• **THE TASK**
The following data is to be repeated exactly, its pictures excluded.

• **SUPPLIED DATA**
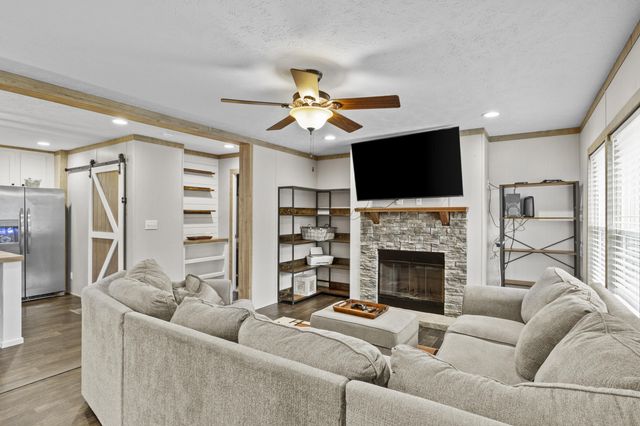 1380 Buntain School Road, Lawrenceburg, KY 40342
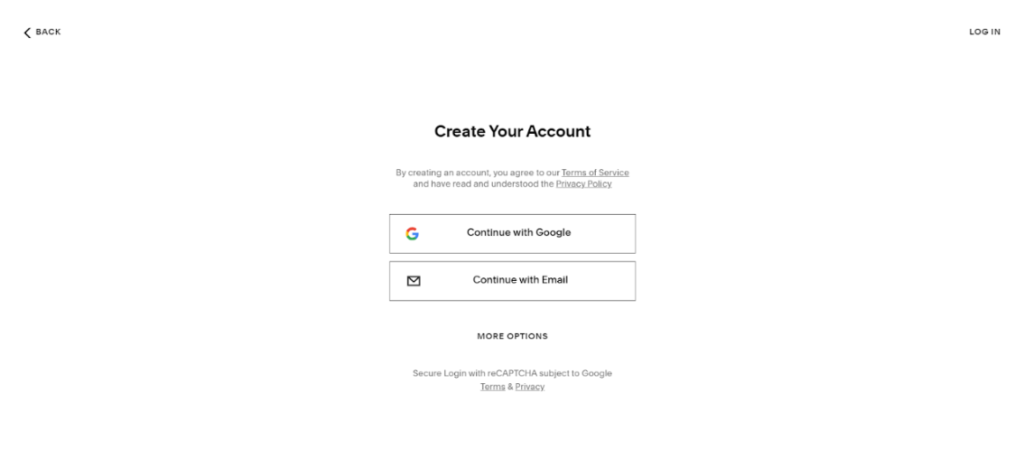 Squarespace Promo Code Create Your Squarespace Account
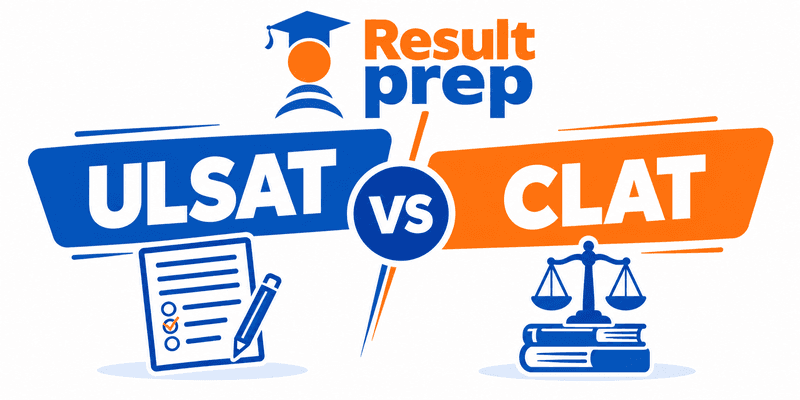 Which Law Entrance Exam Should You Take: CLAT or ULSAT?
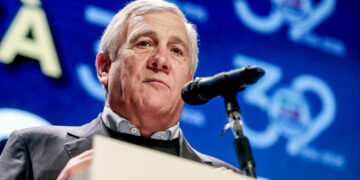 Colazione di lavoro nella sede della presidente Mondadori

• **RESPONSE**
 1380 Buntain School Road, Lawrenceburg, KY 40342
 Squarespace Promo Code Create Your Squarespace Account
 Which Law Entrance Exam Should You Take: CLAT or ULSAT?
 Colazione di lavoro nella sede della presidente Mondadori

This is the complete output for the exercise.